* Task statement
Among the lines below, copy exactly those from the one with "Download Torrent To" through the one with "2013-2019 Nissan Sentra", counting both ends.

* Dataset content
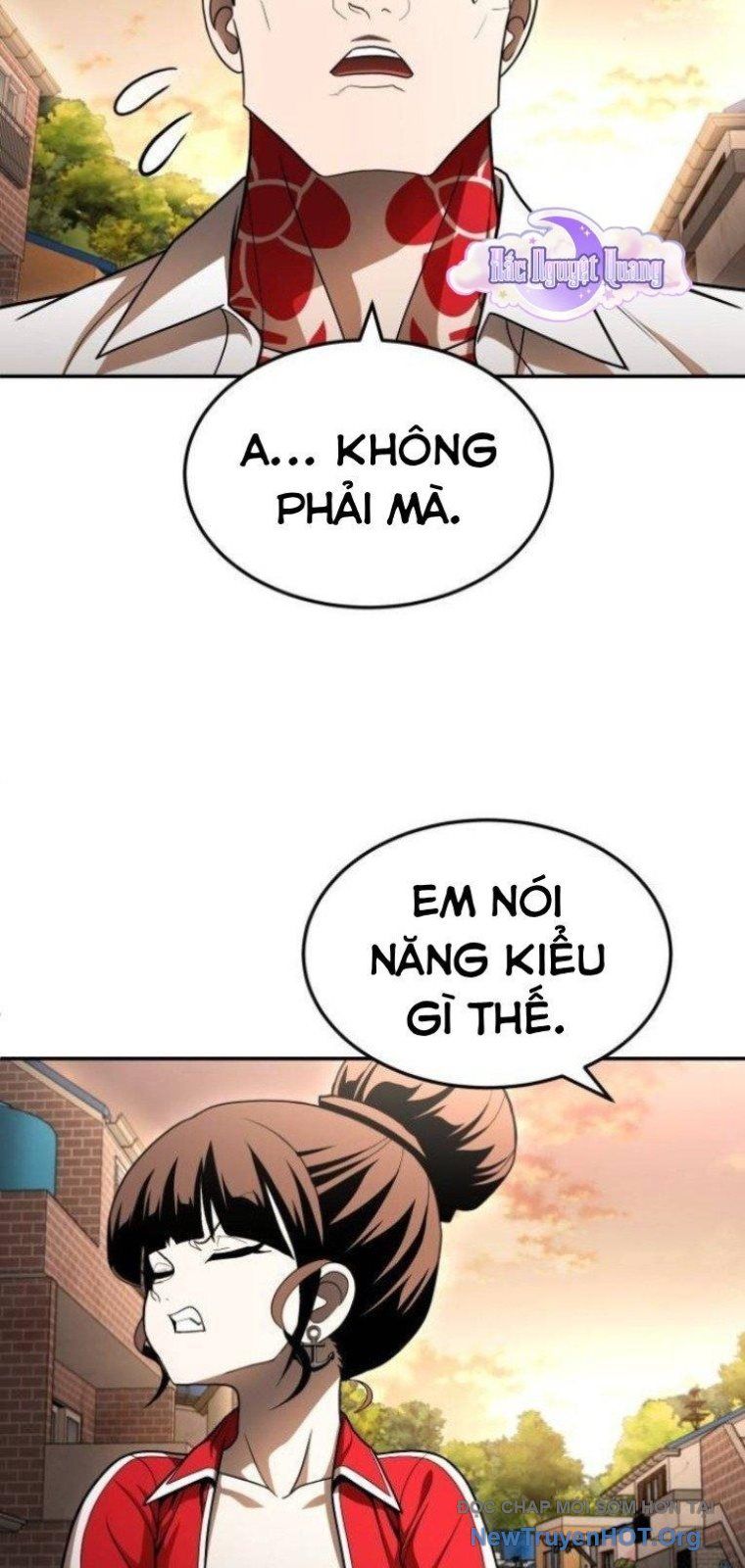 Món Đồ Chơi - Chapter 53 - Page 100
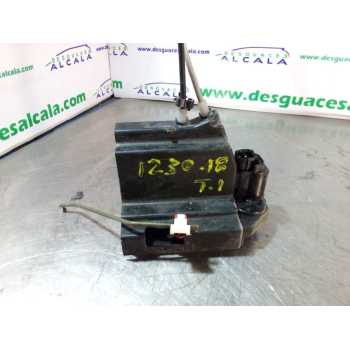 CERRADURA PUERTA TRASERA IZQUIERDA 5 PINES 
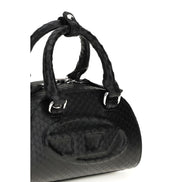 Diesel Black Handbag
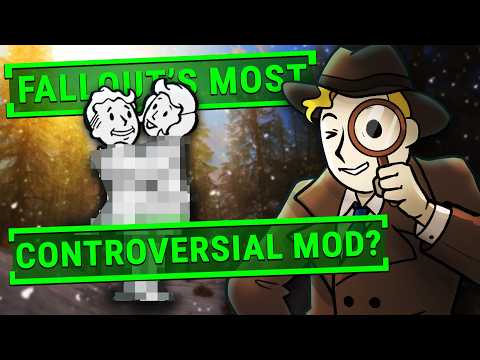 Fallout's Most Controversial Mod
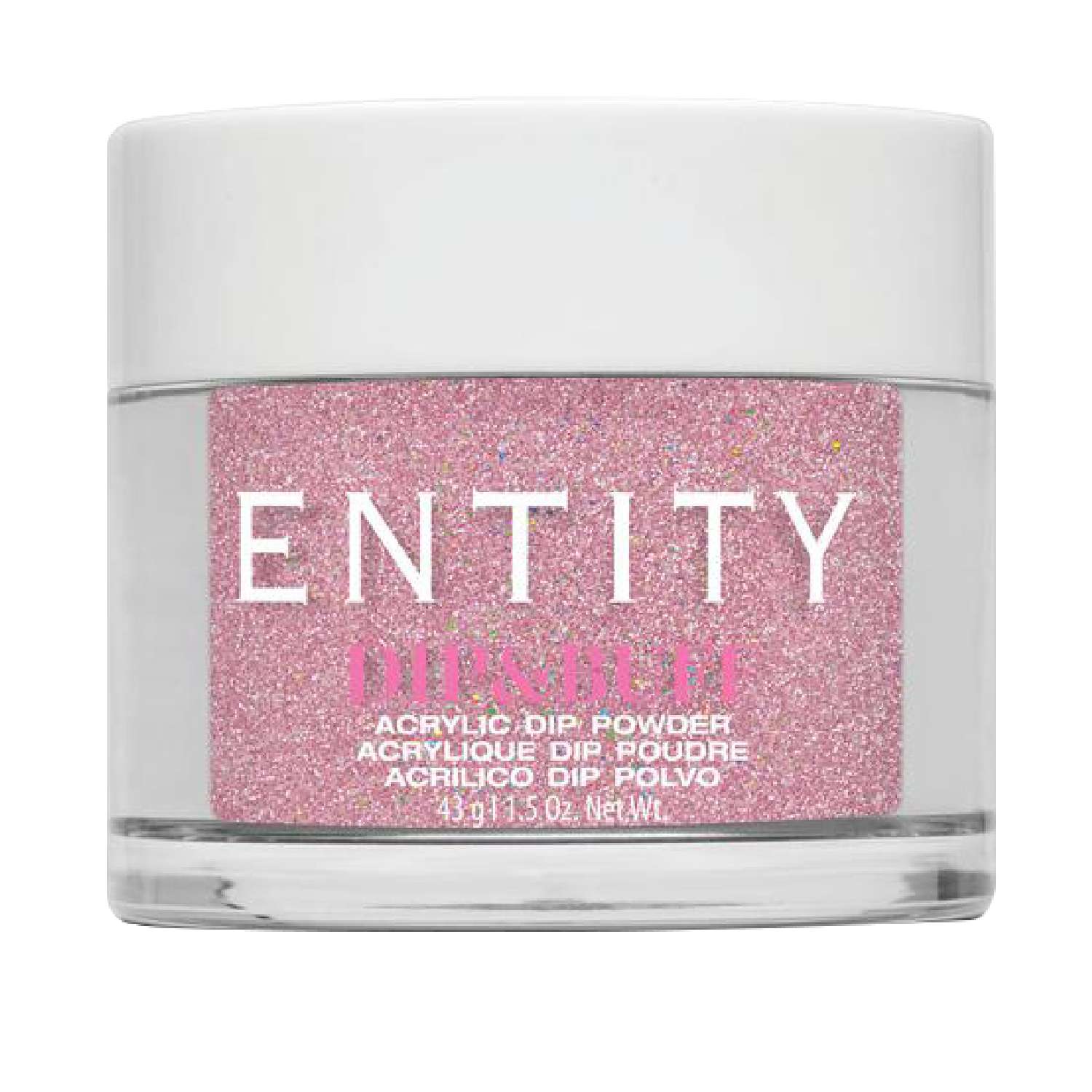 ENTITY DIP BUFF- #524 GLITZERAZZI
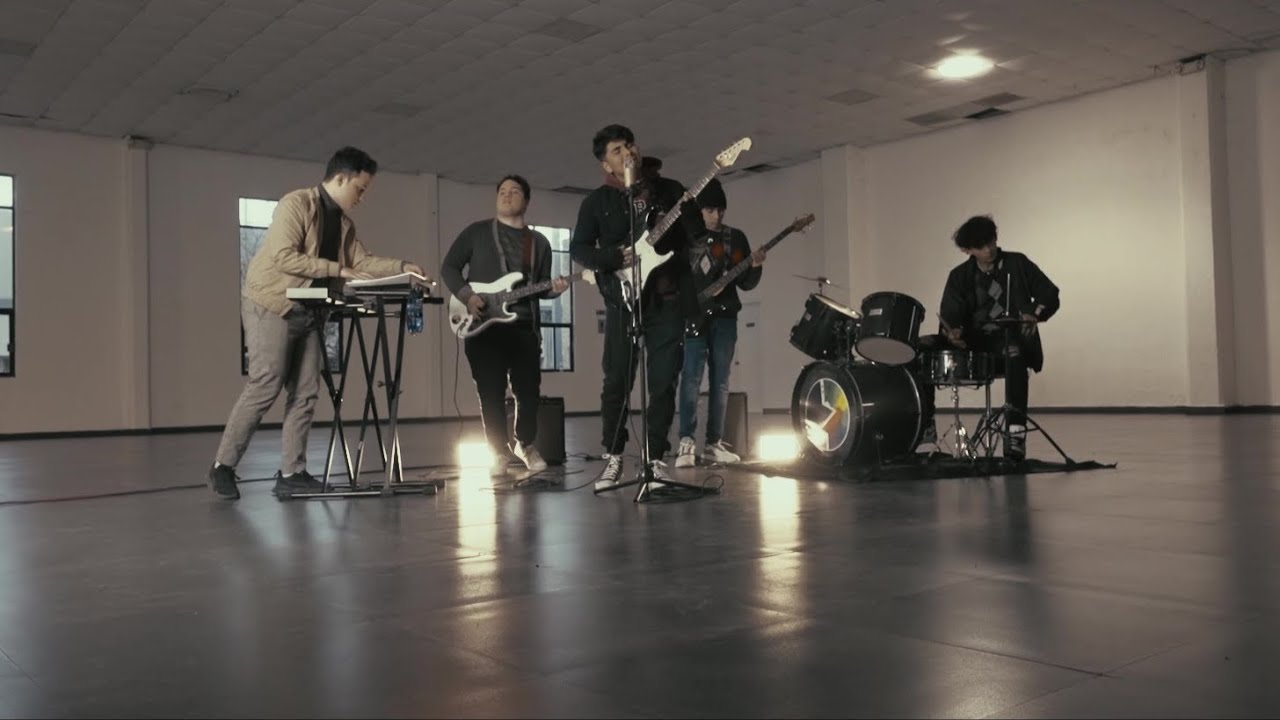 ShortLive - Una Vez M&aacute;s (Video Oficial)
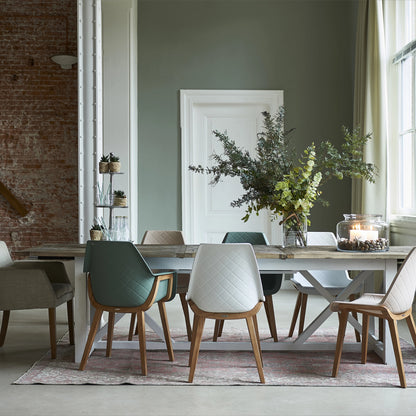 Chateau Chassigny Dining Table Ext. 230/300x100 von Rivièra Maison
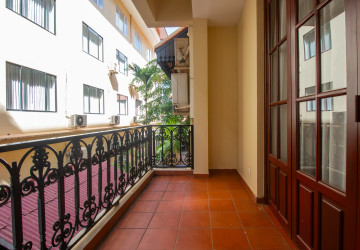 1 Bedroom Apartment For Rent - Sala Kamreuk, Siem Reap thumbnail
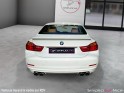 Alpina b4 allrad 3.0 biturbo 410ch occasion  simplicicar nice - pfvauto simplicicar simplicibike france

* * *

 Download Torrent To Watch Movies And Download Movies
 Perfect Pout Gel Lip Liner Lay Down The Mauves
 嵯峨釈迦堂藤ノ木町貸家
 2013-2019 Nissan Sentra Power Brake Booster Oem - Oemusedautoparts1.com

* Your solution
 Download Torrent To Watch Movies And Download Movies
 Perfect Pout Gel Lip Liner Lay Down The Mauves
 嵯峨釈迦堂藤ノ木町貸家
 2013-2019 Nissan Sentra Power Brake Booster Oem - Oemusedautoparts1.com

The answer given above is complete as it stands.